The Chinese hardware startup scene is hot. If you are interested in taking your startup to the next level, you may consider Shenzhen, a thriving “Silicon Valley” of hardware in China.
I asked my good friend, Ben Joffe, a serial entrepreneur and Asia strategist, who currently works as General Partner @ HAX, to share his views on the startup environment in China. Here is what he thinks.
1) Is there one city in China that can be truly called the best version of SV?
Each city or region in China has its advantages and drawbacks. Beijing is strong on software. Shenzhen is strong on hardware. In fact, it has more resources than Silicon Valley for going from 0 to 1 to many.
I see 6 components to a thriving startup ecosystem (for more on this theme, check Ben’s interview on Techcrunch):
(1) Market size => the US is still No.1 in terms of GDP.

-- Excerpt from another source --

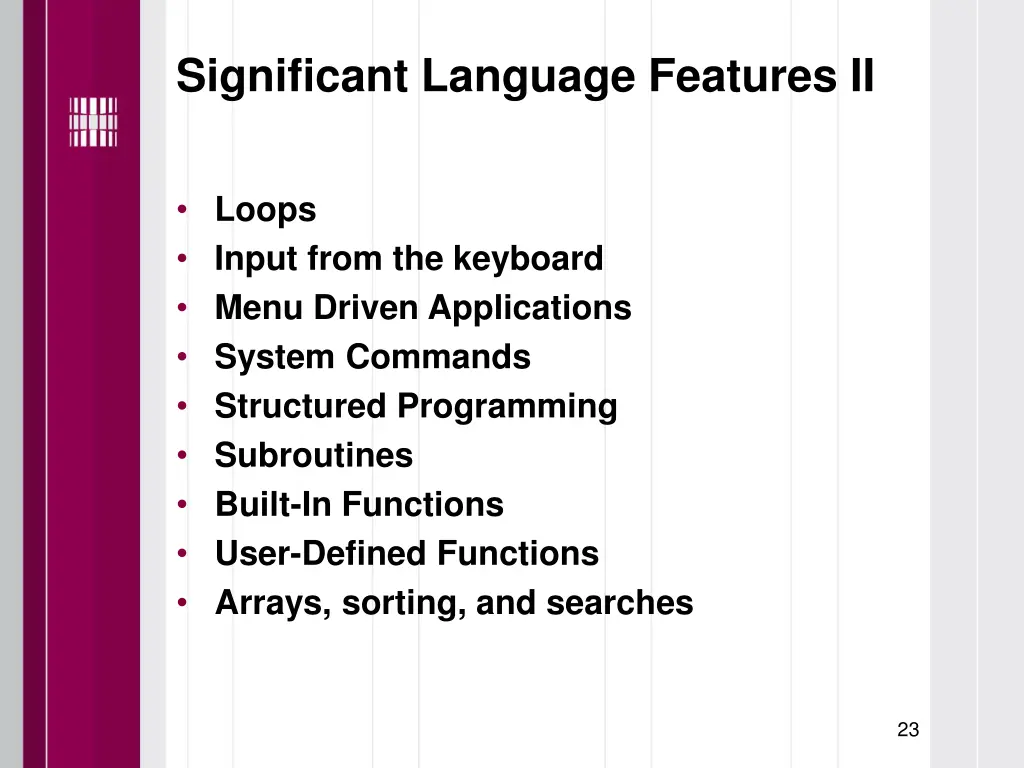 significant language features ii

(2) Capital (early stage to M&A/IPO) => China now has a strong angel scene, there’s also growth capital. However, M&A still weak.

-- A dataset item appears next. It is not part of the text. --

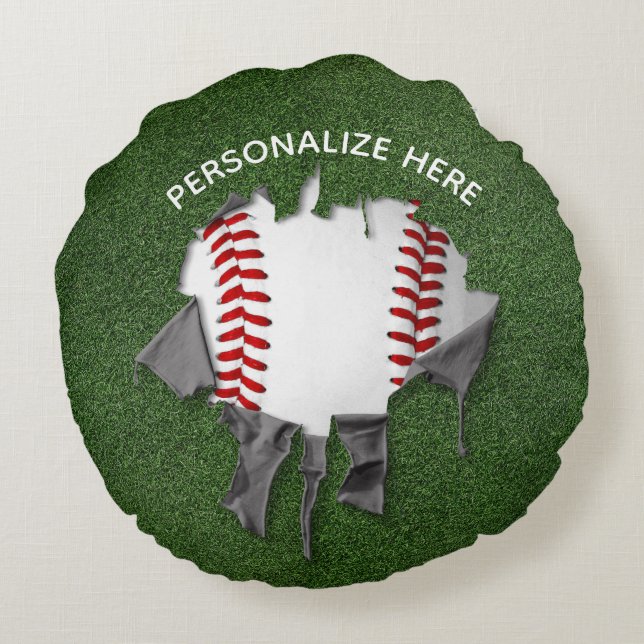 Torn Baseball Round Pillow Rund Kudde (Baksidan)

(3) Talent => There are many engineers and entrepreneurs in China, but there’s lack of connection between research and entrepreneurship.
(4) Culture => Entrepreneurship is widely accepted. Failure in good faith is less detrimental than it used to be.
(5) Infrastructure => Web/mobile are good. Better people info now with events, salons, clubs for entrepreneurs and investors. Lacking the legal / accounting for speed and low-cost transactions.
(6) Regulations => Could be better. Faster to register a company, difficult to hire from overseas, though easier than in US. Also problem of “gray” offshore financial vehicles.
2) What are some pros and cons of startuping in China?
If you’re not Chinese and target China market, it’s very hard. It’s like starting in the US when you don’t speak English and don’t know the culture. If you want to leverage the Shenzhen ecosystem for a global hardware startup, it’s easier than ever.
3) What are the differences between Chinese and European/US startupers?
China is more competitive, faster, wilder. The scale startups can reach here is bigger than in Europe (think about the recent $100m+ funding rounds)
4) Is there a specific Chinese startup culture?
Yes. It’s now supported by “first generation startup people” who made money with Tencent, Alibaba, Baidu, etc.
It’s not as “pay it forward” as Silicon Valley, but here, SV is more the global anomaly than the rule!
5) Is it cool to be an entrepreneur in China these days?
Yes. But my perception is that people are not impressed with “innovation”. They want to see numbers: users, growth and/or revenue.
The “lone genius” myth you find in USA does not seem anywhere as strong in China.
6) You’ve been working for HAX for a few years now. Can you share some success stories and failures?
Too early to tell, as HAX is just 3 years old (a typical exit is 8 years), but:
– A few companies with valuations between $10-$50m: Particle, Makeblock, Yeelink.
– A few spectacular crowdfunded projects: CHIP, the $9 computer and Electroloom, the 3D printer for fabric, Prynt, who turns your smartphone into an instant camera and Kokoon, the smart headphones for sleep. 3 of them raised over $1M on Kickstarter!
– Many more in the making 🙂
– Some founder fights, some delays
7) Why are you doing this all over…again?
It’s the right place, the right time and the right people!